Dr Jo Willmott

MA MPhil PhD

CLASSICS

Jo Willmott

“I chose the Wilkins Room in the Parker Library as the location for my portrait as it’s one of my favourite spaces in College. I have the privilege of holding our silver exhibitions there, so it felt the natural home for the objects I included. I also liked being close to things that are close to my area of research, even though they don’t feature in the photograph — there is a manuscript of Homer that I hope to consult in the future in the library. 

 I chose as my objects two pieces of silver from the College collection that are (albeit tangentially) connected with women in the history of the College. The coconut cup is part of the founding benefaction to the College, and one of those benefactors was Margaret Andrew. And the Neame cup was given to college by Mrs Mary Neame, possibly a relative of a member of College, who recognised the significance of the Parker arms on the bottom when her father-in-law found it in a grocer’s in Highgate in the 1930s!
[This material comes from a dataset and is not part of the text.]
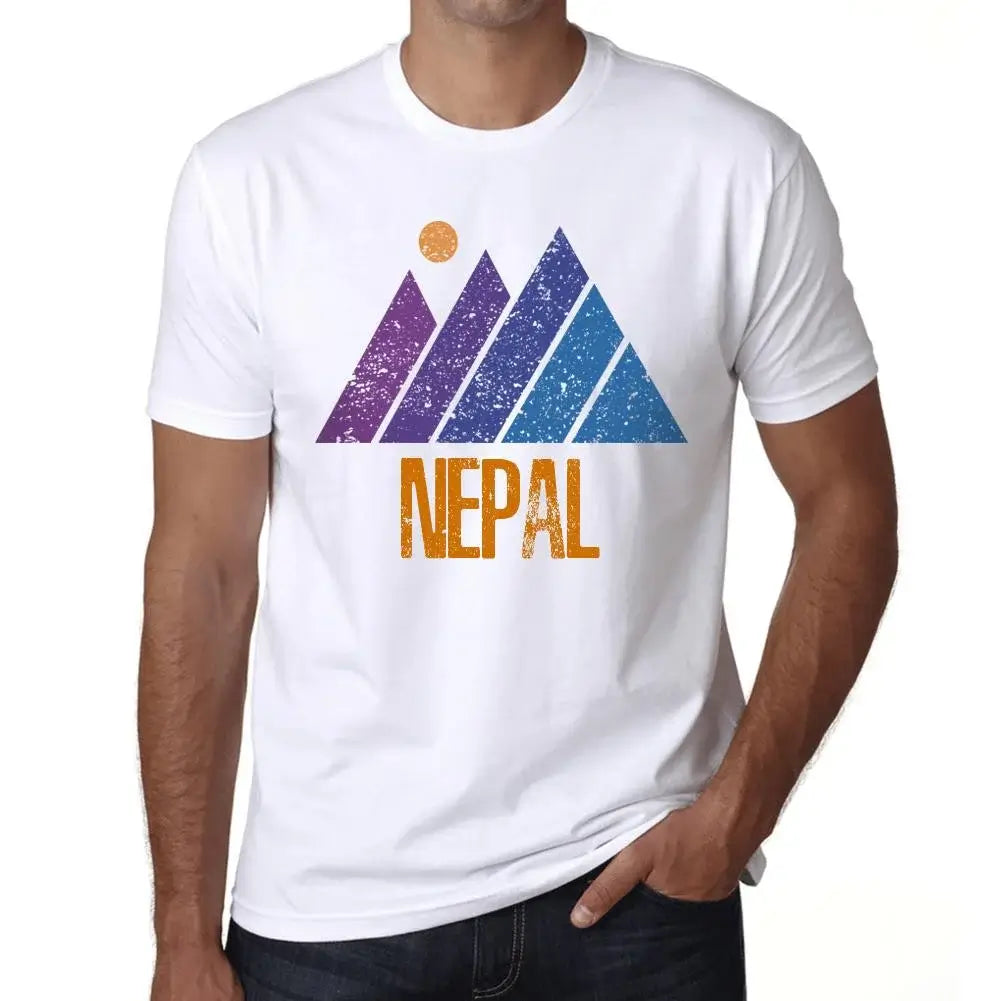 Men's Graphic T-Shirt Mountain Nepal Eco-Friendly Limited Edition Short Sleeve Tee-Shirt Vintage Birthday Gift Novelty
My hidden ‘Easter egg’ is a photograph of my mother’s mother’s mother, Florence Syrett. She was the first of the line of female teachers in my family, teaching children in India (despite the wishes of her father). I discovered I had moved to the part of London where she grew up, and I named my oldest daughter after her. 

 I have happily been a Fellow of Corpus for ten years now. My grandmother (Florence’s daughter) took her Tripos exams at Newnham in 1930 (in the new degree of Archaeology and Anthropology) and was only awarded her degree in 1999. This makes me particularly pleased to be able to be a Fellow of a Cambridge college.”

Jo Willmott is a linguist, teaching papers on linguistics and Greek and Latin language in the Classics Faculty, where she was also an undergraduate and postgraduate student. The primary topic of her research is the Greek language. Through the close semantic and pragmatic analysis of texts she investigates questions connected to various grammatical categories, including modality and negation, as they develop over the course of the long history of the language.